Technological innovations have undeniably made life easier, faster and more efficient for humans. But did you know that in a few years’ time, technology and humans will merge and become one?
In the recently-held adobo Festival of Ideas, where leaders in the creative space came together for an insightful discourse on the melding of creativity in the age of digital, tech, data, and AI, Omnicom Media Group’s Torie Henderson and PHD Media Singapore GSU’s Ronnie Thomas collaboratively discussed The Merge and how it will shape and affect not just society but the marketing industry as well.

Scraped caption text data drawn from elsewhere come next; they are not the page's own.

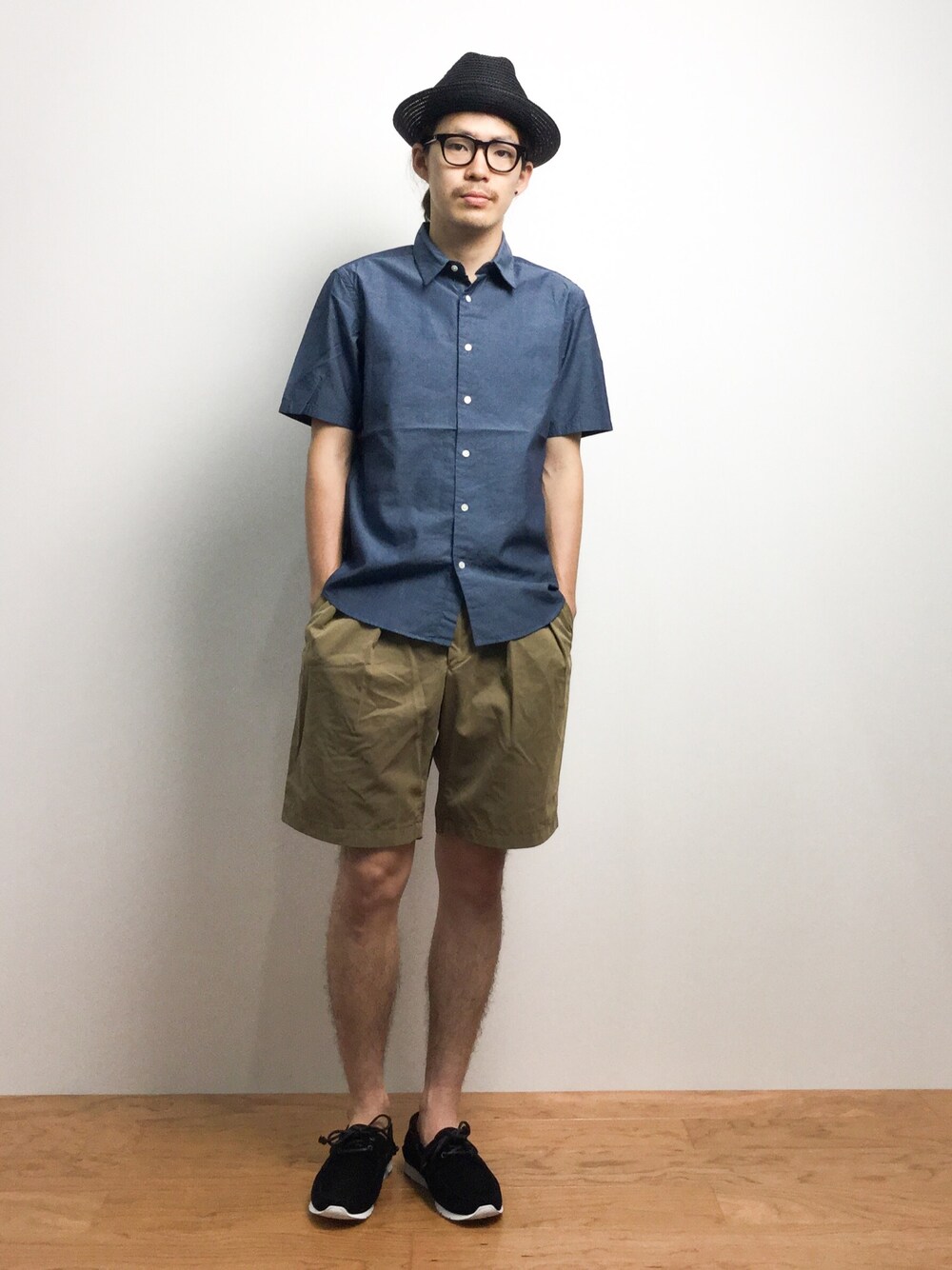 「シャツ、ハット、デッキシューズ、ショーツ、シャツスタイル、半袖シャツ、膝上ショーツ」｜「PETER GRIMMのONSPOTZ ORIGINAL PETER GRIMM HAT MOCHI BLACK（ハット、ブラック系）」を使った、ナカニシアキラさん（メンズ・172cm）の夏コーディネートの1枚目の写真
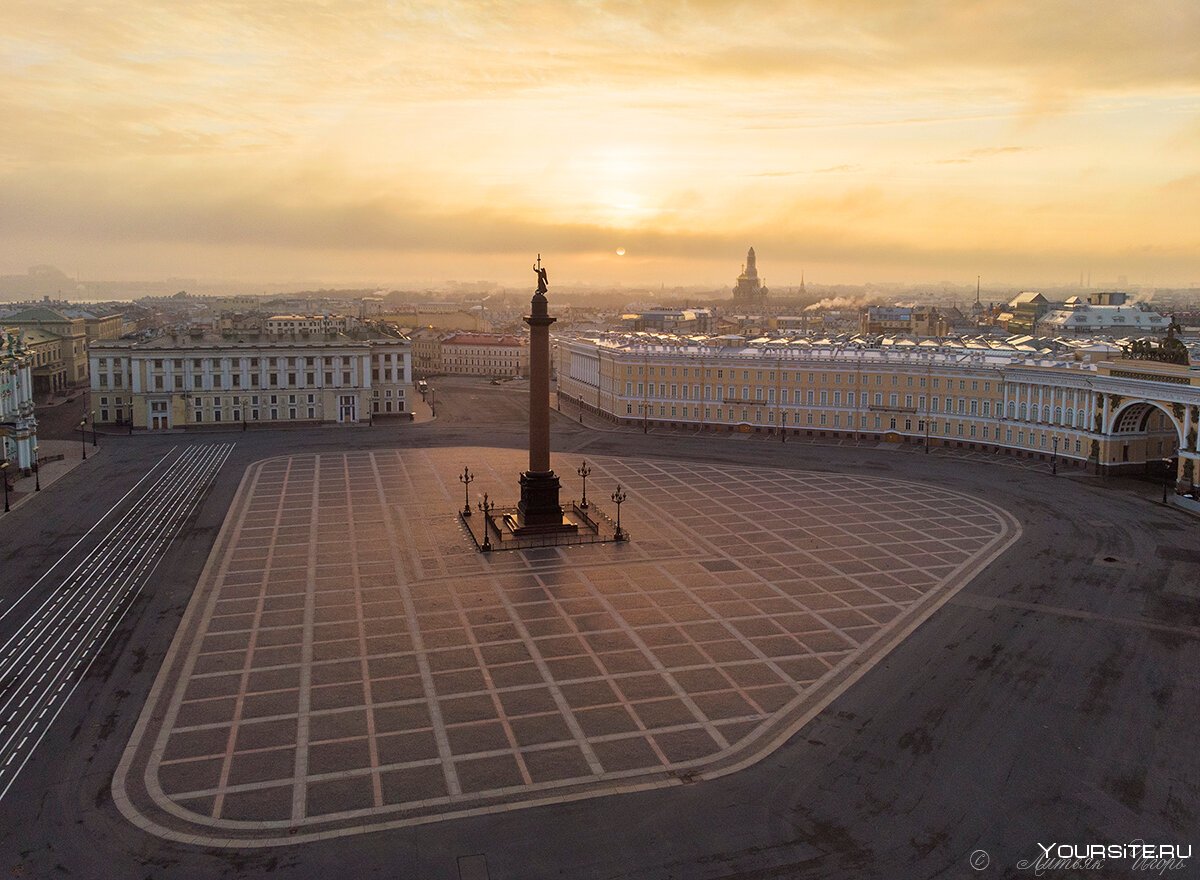 Дворцовая площадь в Санкт-Петербурге сверху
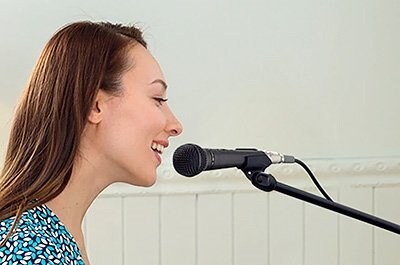 MICROPHONE CONNECTION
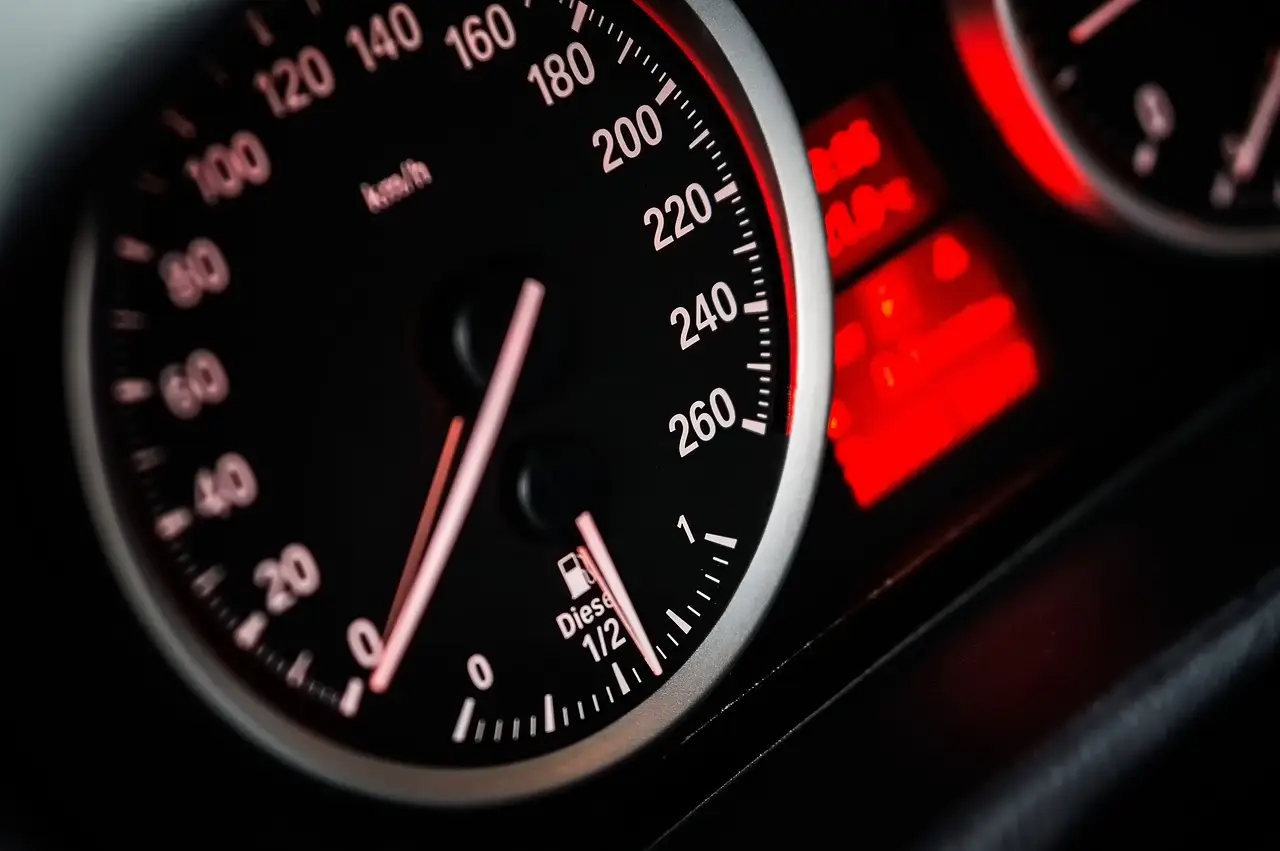 Il trucco per pagare meno carburante: pochi lo conoscono Il trucco per pagare meno carburante: pochi lo conoscono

Indeed, technology has a key role in society as it unshackles people from the constraints of daily life. Henderson opined, “And actually at its core, all of that technology has met a human need. In other words, technology has liberated or augmented our lives and made us smarter through the abundance of information, experience, and connection.”
Contradictory to what many believe, Henderson said that the people actually are the ones controlling technology and not the other way around. “Quite often we perceived that tech is actually driving us, but it’s actually the other way around. Technology has been our liberator as a human race, and it’s helping us to progress. We are driving technological development. Not technology driving us.”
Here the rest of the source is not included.